Statin therapy prior Uroxatral Drug Interactions to percutaneous coronary intervention (PCI) is associated with reduced mortality and periprocedural myocardial injury after PCI. We studied whether single high dose statin loading is beneficial on the outcome of patients with acute coronary syndrome (ACS) underwent PCI.

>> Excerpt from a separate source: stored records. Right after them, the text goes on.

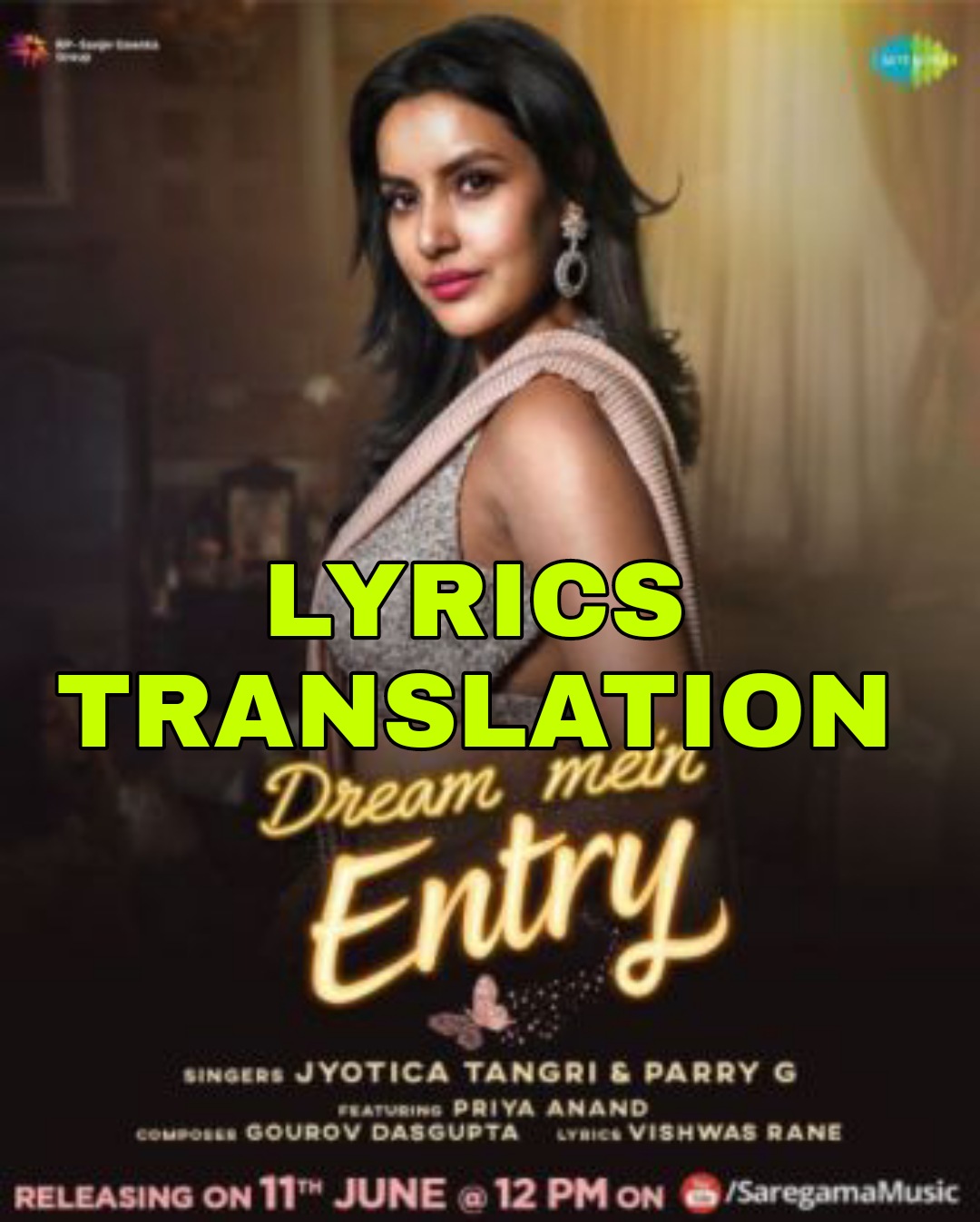 Dream Mein Entry Lyrics in English | With Translation | – Jyotica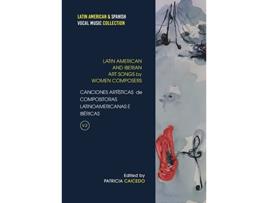 Livro Anthology of Art Songs by Latin American Iberian Women Composers V2 Latin American Spanish Vocal Music Collection de Patricia Caicedo (Inglês)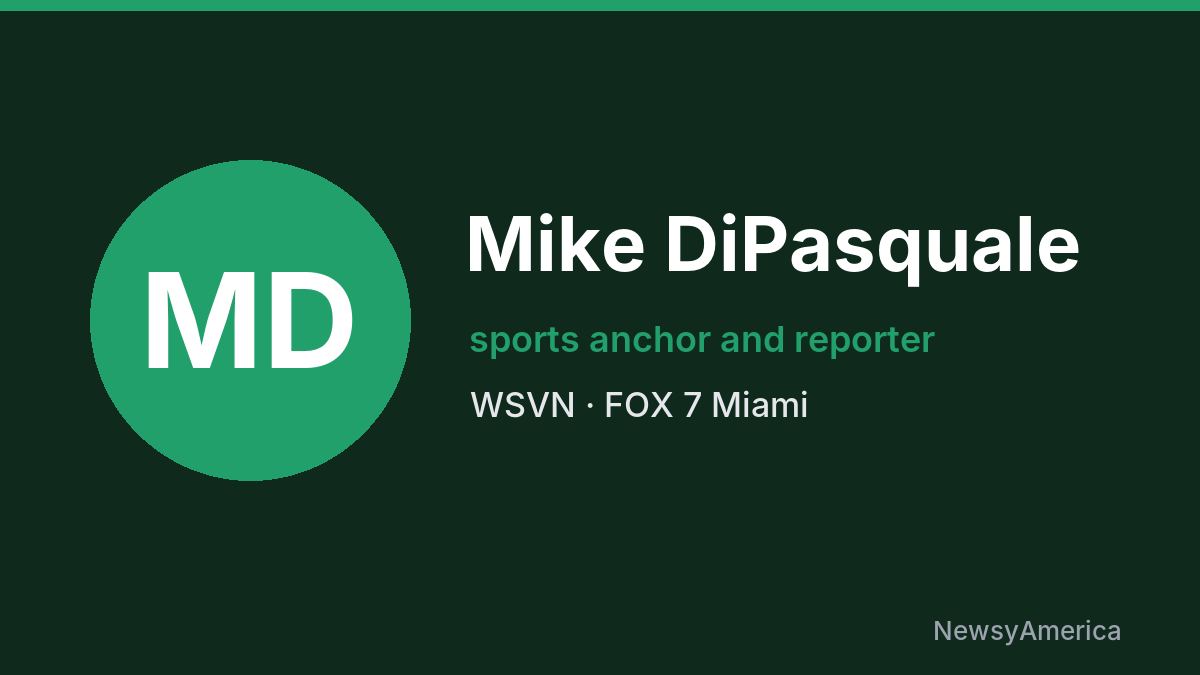 Mike DiPasquale – WSVN, Miami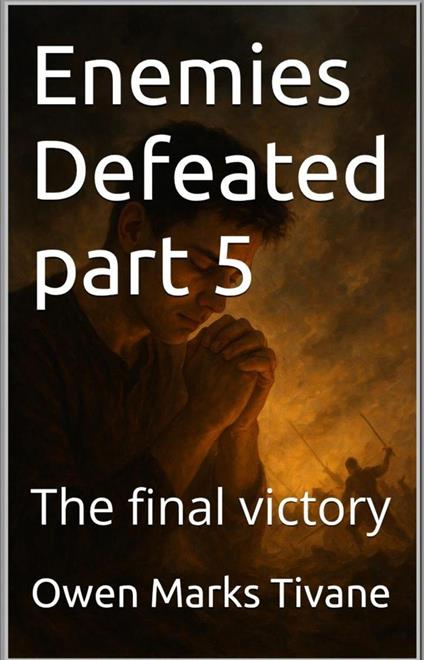 Enemies defeated part 5: The final victory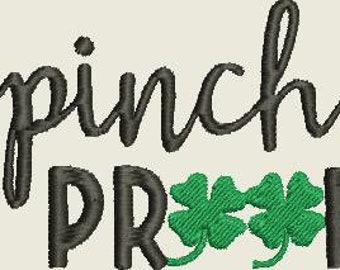 Pinch Proof St Patrick's Day  Embroidery Design - Digital Download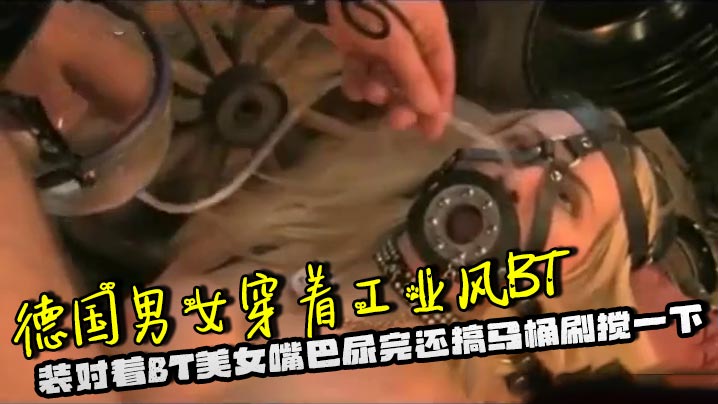 德国男女穿着工业风BT装对着BT美女嘴巴尿完还搞马桶刷搅一下,脑洞大开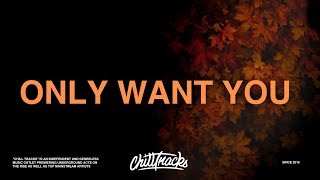 Rita Ora - Only Want You (Lyrics)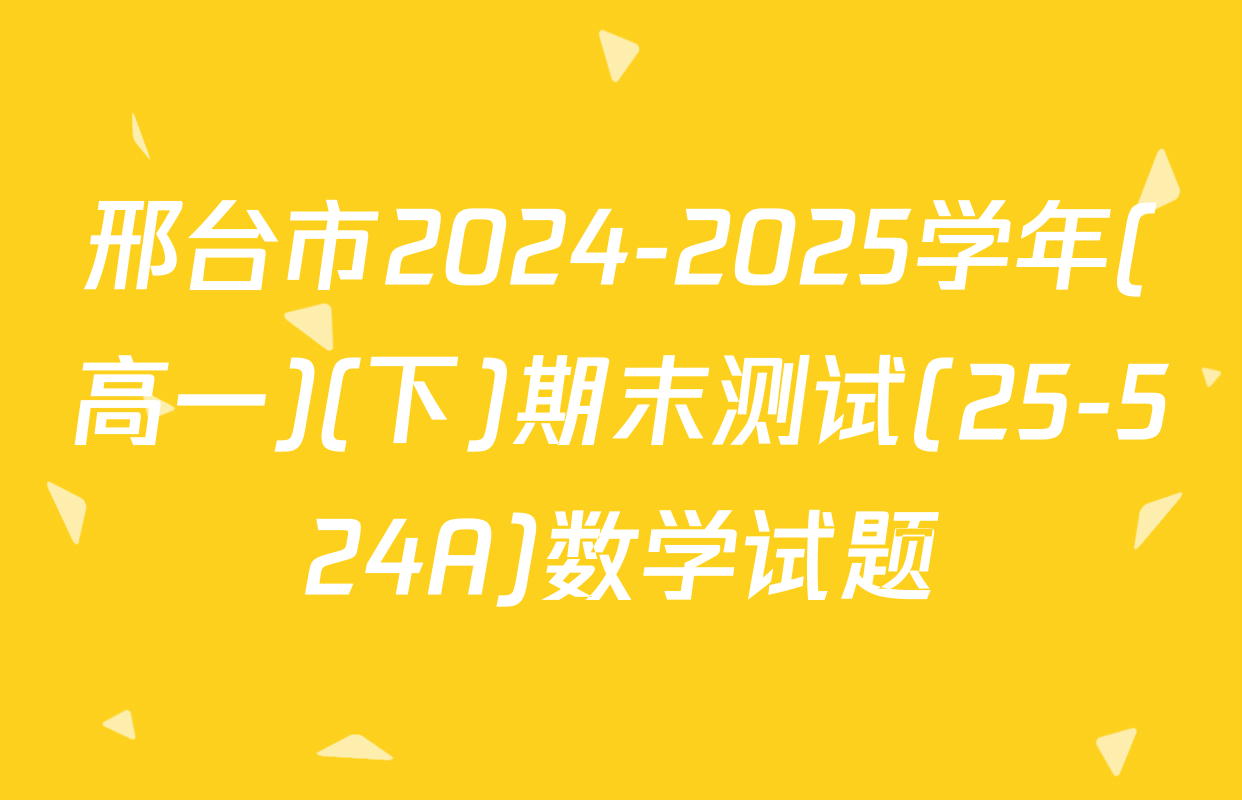 邢台市2024-2025学年(高一)(下)期末测试(25-524A)数学试题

crestor generic launch 2015-05-04

A simple, sensitive and rapid high-performance liquid chromatography/negative ion electrospray tandem mass Sinemet Online spectrometry method was developed and validated for the assay of fluvastatin in human plasma. Following solid-phase extraction, the analytes were separated using an isocratic mobile phase on a reversed-phase column and analyzed by mass spectrometry in the multiple reaction monitoring mode using the respective [M-H]- ions, m/z 410/348 for fluvastatin and m/z 480/418 for the internal standard. The assay exhibited a linear dynamic range of 2-500 ng/mL for fluvastatin in human plasma. The lower limit of quantification was 2 ng/mL with a relative standard deviation of less than 5%. Acceptable precision and accuracy were obtained for concentrations over the standard curve range. A run time of 1.5 min for each sample made it possible to analyze more than 400 human plasma samples per day. The validated method has been successfully used to analyze human plasma samples for application in pharmacokinetic, bioavailability or bioequivalence studies.

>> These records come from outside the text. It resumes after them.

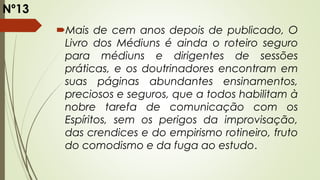 Mais de cem anos depois de publicado, O
Livro dos Médiuns é ainda o roteiro seguro
para médiuns e dirigentes de sessões
práticas, e os doutrinadores encontram em
suas páginas abundantes ensinamentos,
preciosos e seguros, que a todos habilitam à
nobre tarefa de comunicação com os
Espíritos, sem os perigos da improvisação,
das crendices e do empirismo rotineiro, fruto
do comodismo e da fuga ao estudo.
Nº13
 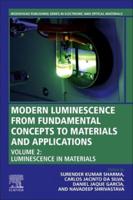 Modern Luminescence from Fundamental Concepts to Materials and Applications. Volume 2 Luminescence in Materials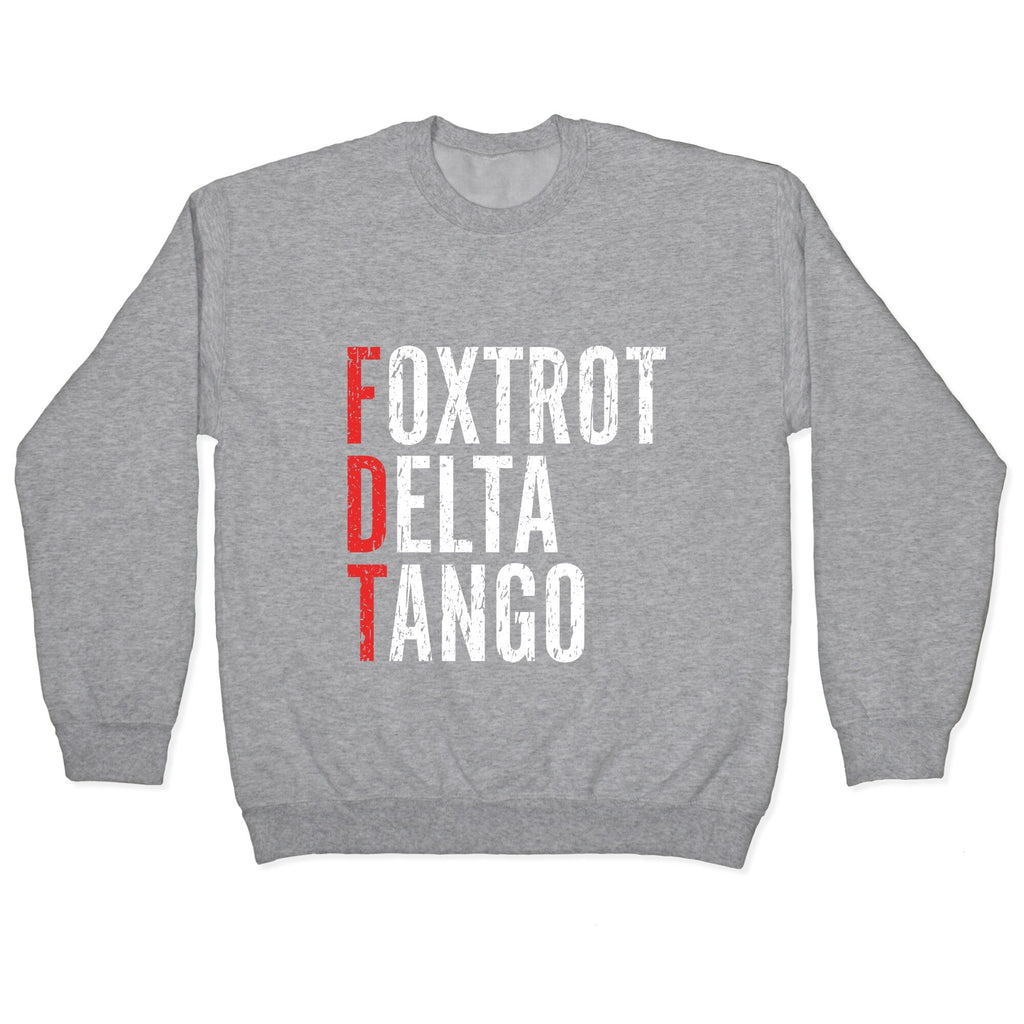 Foxtrot Delta Tango FDT Crewneck Unisex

crestor 40mg tab 2017-12-20

Compared Cipro Drug Category with non-users, users of any drug within the statin class were 0.78 times less likely to develop C difficile infection in the hospital (95% CI 0.75 to 0.81) adjusting for potential confounders. Differences in estimates for specific statins were minimal. Niacin, fibrates and selective cholesterol absorption inhibitors showed no association with the risk of C difficile infection.